Stevenson served for nearly fifty years as engineer to the Northern Lighthouse Board, until 1842, during which time he designed and oversaw the construction and later improvement of numerous lighthouses. He innovated in the choice of light sources, mountings, reflector design, the use of Fresnel lenses, and in rotation and shuttering systems providing lighthouses with individual signatures allowing them to be identified by seafarers. For this last innovation he was awarded a gold medal by King William I of the Netherlands.
The period after Waterloo and the end of the continental wars was a time of much improvement of the fabric of the country, and engineering skills were much in demand.
Besides his work for the Northern Lighthouse Board, he acted as a consulting engineer on many occasions, and worked with Rennie, Alexander Nimmo, Thomas Telford, William Walker, Archibald Elliot and William Cubitt. Projects included roads, bridges, harbours, canals and railways, and river navigations. He designed and oversaw the construction of the Hutcheson Bridge in Glasgow, and the Regent Bridge and approaches from the East to Edinburgh. He projected a number of canals and railways which were not built; and new and improved designs for bridges, some later adopted and implemented by his successors. He invented the movable jib and balance cranes as necessary part of his lighthouse construction; and George Stephenson acknowledged his lead in the selection of malleable rather than cast-iron rails for railways.

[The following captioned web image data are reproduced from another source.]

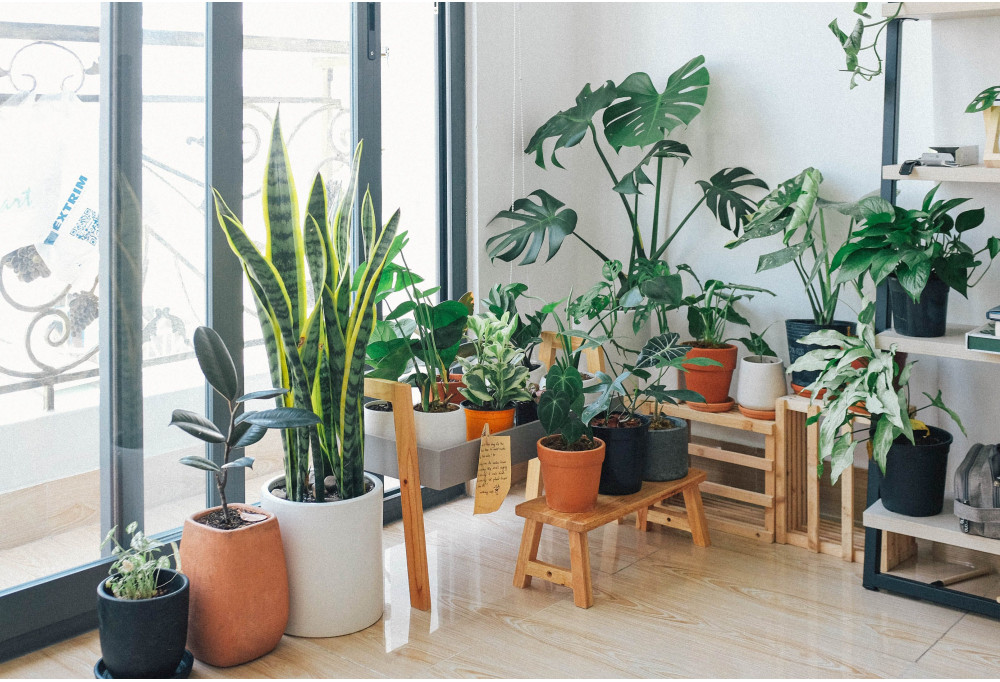 Easily create an indoor garden at home
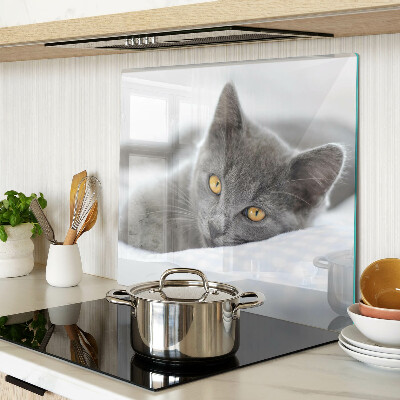 Tábua para cozinha Um gato com olhos amarelos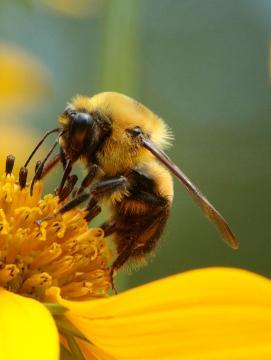 Une abeille butine une fleur jaune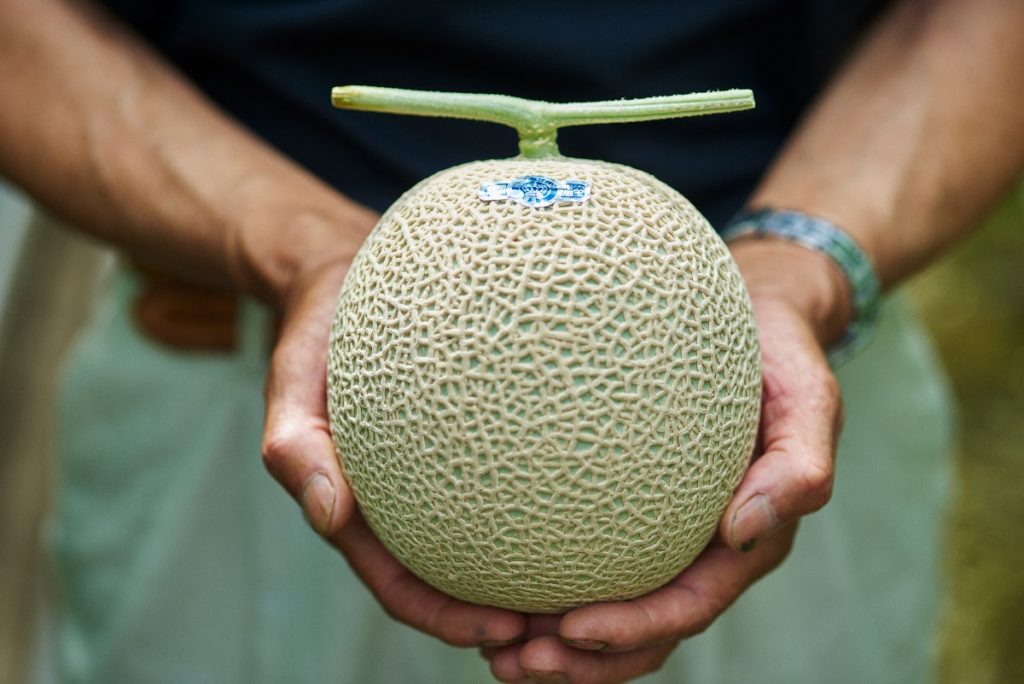 The Crown Melon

He was made a Fellow of the Royal Society of Edinburgh in 1815. He published an Account of the Bell Rock Lighthouse in 1824; a paper on the North Sea, establishing by evidence that it was eroding the eastern coastline of the United Kingdom,
and that the great sandbanks were the spoil taken by the sea. He devised and tested the hypothesis that freshwater and saltwater at river mouths exist as separate and distinct streams. He contributed to the Encyclopædia Britannica and the Edinburgh Encyclopædia, and published in a number of the scientific journals of the day. He was inducted into the Scottish Engineering Hall of Fame in 2016.
Memorials to Stevenson
Stevenson College, Edinburgh was founded in 1970 and was named after Robert Stevenson. For at least some of his life Robert Stevenson lived at 1 Baxter's Place,
Edinburgh, a building that was briefly Robert Stevenson House in his memory.
Robert (and his father) are also memorialized in the churchyard of Glasgow Cathedral on the grave of his grandfather, Robert Stevenson (d.1764), a Glasgow merchant.